===== Data =====

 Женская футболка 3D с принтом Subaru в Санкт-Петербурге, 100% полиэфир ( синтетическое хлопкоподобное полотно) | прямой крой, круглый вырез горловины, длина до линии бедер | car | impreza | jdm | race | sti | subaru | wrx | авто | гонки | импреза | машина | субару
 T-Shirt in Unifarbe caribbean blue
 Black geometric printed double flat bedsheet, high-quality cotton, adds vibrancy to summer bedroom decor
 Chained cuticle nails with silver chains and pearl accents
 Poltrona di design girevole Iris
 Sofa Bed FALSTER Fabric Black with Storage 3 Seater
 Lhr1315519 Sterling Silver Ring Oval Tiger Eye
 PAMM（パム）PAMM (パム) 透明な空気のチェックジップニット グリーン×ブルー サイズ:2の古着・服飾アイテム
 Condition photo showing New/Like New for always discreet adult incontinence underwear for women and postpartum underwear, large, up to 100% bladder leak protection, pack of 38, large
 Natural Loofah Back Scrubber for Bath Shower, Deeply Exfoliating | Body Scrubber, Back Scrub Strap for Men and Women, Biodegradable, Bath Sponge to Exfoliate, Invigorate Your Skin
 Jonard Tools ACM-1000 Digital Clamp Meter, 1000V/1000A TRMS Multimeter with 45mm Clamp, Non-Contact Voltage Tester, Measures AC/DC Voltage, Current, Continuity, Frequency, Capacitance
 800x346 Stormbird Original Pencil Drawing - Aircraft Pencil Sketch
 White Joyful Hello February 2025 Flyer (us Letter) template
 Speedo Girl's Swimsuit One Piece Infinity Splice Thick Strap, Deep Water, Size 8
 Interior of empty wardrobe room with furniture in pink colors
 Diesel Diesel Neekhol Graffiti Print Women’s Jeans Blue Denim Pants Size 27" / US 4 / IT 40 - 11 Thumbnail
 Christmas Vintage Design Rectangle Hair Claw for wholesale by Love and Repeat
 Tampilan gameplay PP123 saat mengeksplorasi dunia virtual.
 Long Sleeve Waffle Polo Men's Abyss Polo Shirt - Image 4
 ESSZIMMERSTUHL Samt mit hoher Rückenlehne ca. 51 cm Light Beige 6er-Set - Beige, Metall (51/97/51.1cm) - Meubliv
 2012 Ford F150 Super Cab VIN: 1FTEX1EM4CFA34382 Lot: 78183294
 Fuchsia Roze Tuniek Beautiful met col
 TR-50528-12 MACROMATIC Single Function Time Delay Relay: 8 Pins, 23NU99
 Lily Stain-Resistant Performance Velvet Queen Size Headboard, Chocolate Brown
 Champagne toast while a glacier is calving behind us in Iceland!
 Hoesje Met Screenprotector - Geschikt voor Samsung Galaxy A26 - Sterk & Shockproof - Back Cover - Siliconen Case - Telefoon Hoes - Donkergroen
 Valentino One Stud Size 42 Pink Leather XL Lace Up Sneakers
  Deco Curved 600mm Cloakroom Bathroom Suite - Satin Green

=====

#### What needs to be done
Gather, from the listing above, every line carrying the word "Shirt".

#### Answer
 T-Shirt in Unifarbe caribbean blue
 Long Sleeve Waffle Polo Men's Abyss Polo Shirt - Image 4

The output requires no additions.